Wordsworth believed that the poetry of the future would deal with the discoveries of science. He was far out. Even a century later, where was the poetry that dealt with mineralogy, botany or chemistry? Algebra, maybe - and that was Coleridge; and Tennyson did drag in analogies to geological discoveries in "In Memoriam".

What I see, however, with some confidence, is the rising of many new waves, while our wave-makers will raise something positively tidal! There will be less and less themes of intrepid social character and there will rise, as Hazlitt once said, "(an) effusion of natural sensibility". The sphere of interest occupied by poets of the imagination is sure to grow wider, to embrace the land, to immortalize events, be as public as possible. There will be less cultivation of the ego, less self-analysis, less romanticism and less of this unhealthy living in ivory towers.

Protection

There will soon come the day when our poets will sacrifice their plainer human responsibilities for the production of the finest artistic effects. Also, it need be expected that our poets will seek mutual protection against a reasonable world, their singing robes wrapped round them and with none to dictate to them the nature and form of their lyric messages.
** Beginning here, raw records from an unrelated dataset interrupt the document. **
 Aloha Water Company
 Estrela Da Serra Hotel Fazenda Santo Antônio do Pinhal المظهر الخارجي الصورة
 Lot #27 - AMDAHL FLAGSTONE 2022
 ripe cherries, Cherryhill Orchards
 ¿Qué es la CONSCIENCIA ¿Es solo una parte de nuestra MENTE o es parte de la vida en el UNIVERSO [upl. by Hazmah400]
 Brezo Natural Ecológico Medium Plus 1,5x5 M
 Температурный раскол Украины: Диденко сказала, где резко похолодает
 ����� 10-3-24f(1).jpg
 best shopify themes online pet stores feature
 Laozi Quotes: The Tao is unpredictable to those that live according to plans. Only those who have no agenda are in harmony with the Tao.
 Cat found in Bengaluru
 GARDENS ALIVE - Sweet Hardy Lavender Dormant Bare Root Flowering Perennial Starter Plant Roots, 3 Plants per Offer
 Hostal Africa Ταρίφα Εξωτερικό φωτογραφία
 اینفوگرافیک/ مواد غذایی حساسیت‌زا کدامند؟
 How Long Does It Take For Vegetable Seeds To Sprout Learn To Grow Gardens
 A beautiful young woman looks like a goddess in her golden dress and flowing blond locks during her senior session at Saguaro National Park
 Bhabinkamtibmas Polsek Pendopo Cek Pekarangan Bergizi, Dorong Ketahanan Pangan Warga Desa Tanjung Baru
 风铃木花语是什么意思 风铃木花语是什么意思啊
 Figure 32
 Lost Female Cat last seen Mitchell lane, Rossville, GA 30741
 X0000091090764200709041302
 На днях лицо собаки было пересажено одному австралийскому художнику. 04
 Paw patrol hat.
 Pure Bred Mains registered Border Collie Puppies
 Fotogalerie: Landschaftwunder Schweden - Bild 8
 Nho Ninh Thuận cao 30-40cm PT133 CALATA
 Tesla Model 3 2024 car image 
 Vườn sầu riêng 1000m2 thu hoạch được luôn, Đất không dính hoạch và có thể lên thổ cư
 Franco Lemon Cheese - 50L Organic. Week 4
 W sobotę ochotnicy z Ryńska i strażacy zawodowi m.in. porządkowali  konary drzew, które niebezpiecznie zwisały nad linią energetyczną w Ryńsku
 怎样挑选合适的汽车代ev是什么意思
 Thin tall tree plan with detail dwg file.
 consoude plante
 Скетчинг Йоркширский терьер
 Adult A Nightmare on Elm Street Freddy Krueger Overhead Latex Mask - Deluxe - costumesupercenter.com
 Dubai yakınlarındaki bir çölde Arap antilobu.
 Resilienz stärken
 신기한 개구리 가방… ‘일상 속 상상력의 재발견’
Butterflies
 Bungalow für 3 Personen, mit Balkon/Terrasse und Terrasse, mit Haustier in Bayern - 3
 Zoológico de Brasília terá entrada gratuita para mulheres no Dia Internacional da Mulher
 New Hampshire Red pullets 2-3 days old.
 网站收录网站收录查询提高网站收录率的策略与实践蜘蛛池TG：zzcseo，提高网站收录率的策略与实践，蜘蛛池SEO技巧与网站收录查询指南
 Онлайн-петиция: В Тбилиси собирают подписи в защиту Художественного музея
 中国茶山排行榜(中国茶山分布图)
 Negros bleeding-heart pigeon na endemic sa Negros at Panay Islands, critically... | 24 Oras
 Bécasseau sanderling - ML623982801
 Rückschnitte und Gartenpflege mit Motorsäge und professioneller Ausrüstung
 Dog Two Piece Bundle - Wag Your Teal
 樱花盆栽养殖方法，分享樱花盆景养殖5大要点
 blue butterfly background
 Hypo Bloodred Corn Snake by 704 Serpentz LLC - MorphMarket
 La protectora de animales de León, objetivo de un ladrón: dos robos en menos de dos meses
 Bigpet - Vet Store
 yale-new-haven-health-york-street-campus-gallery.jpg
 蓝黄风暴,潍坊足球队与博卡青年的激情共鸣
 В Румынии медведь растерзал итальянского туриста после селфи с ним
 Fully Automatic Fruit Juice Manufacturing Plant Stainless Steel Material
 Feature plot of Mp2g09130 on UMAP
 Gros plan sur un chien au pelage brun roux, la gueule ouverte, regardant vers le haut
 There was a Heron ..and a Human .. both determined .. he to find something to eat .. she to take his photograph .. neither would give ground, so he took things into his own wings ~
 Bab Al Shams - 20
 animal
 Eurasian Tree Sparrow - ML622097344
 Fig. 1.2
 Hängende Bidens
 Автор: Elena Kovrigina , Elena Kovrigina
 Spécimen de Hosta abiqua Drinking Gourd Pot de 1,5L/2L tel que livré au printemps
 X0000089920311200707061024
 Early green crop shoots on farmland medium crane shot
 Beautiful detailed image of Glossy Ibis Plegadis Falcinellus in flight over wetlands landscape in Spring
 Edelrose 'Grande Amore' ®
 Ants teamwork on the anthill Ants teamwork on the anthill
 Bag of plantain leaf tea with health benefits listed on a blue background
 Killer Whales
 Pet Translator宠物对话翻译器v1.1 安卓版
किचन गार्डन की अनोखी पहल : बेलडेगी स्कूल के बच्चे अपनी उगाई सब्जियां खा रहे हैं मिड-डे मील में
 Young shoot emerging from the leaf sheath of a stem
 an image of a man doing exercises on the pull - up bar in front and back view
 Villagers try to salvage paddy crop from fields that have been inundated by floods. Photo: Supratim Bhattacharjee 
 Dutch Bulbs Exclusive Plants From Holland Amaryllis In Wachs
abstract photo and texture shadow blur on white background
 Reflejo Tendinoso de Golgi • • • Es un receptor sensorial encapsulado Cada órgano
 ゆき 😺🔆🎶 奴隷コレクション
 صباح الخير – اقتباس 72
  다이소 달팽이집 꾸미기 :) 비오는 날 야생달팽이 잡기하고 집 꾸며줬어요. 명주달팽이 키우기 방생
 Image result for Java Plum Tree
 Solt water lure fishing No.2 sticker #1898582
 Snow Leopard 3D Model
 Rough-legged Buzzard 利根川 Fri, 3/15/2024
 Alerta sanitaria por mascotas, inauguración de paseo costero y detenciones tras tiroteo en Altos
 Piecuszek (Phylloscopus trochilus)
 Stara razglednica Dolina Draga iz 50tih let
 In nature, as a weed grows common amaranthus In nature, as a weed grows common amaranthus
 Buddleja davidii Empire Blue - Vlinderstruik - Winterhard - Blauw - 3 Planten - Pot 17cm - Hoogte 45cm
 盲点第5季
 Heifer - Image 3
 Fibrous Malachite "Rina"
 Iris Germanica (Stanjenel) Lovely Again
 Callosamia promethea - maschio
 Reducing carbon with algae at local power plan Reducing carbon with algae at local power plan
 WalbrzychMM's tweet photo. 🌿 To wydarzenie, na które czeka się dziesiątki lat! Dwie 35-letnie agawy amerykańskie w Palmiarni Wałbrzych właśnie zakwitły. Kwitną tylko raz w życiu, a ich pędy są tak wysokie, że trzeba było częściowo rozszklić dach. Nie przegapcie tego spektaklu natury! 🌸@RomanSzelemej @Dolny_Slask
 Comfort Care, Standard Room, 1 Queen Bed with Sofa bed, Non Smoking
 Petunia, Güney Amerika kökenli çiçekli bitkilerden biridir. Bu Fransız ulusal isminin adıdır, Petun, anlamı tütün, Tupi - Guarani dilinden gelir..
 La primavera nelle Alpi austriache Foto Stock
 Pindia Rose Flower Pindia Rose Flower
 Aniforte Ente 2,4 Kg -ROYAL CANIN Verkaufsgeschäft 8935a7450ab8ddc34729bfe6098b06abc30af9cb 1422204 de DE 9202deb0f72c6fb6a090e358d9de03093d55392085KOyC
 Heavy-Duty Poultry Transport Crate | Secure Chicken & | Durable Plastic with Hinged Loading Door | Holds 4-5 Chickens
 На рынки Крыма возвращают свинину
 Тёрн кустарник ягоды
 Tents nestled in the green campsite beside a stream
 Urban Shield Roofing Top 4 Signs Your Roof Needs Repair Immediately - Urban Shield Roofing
To hell with these so-called "schools of poetry". These only attract the charlatans and the refuse and wreckage of other arts. Rather, poetry in Sri Lanka will begin to protect itself against the invasion of commonsense and fight against the fungal growths on the face of a godless world. I am also certain that sexual love will cease to be the predominant in the lyrics of the future. In the 19th century, poets were interested to excess in love.

It was as if life presented no other phenomenon worthy of a poet's attention. All this soon became like the constant persistence of a stale perfume. If one examines the development of poetry in England, one sees how it moves more and more in the direction of the dramatic and towards the increased study of life in its energetic exhibitions.

Our poets, too, will denounce the stereotyped surfaces of life and penetrate to what lies under the surface; into the solid earth of human character. After all, poetry MUST be full of human life. Let art remain formal, history abstract and science inhuman - it is poetry that will give us the security, for humanity will always be with us. As Bacon once said: ".... poetry conforms the shows of things to the desires of the soul, instead of subjecting the soul to external things."

Poetry in English in Sri Lanka will flourish. Its future is assured - even if it will remain tough going separating the grain from the chaff!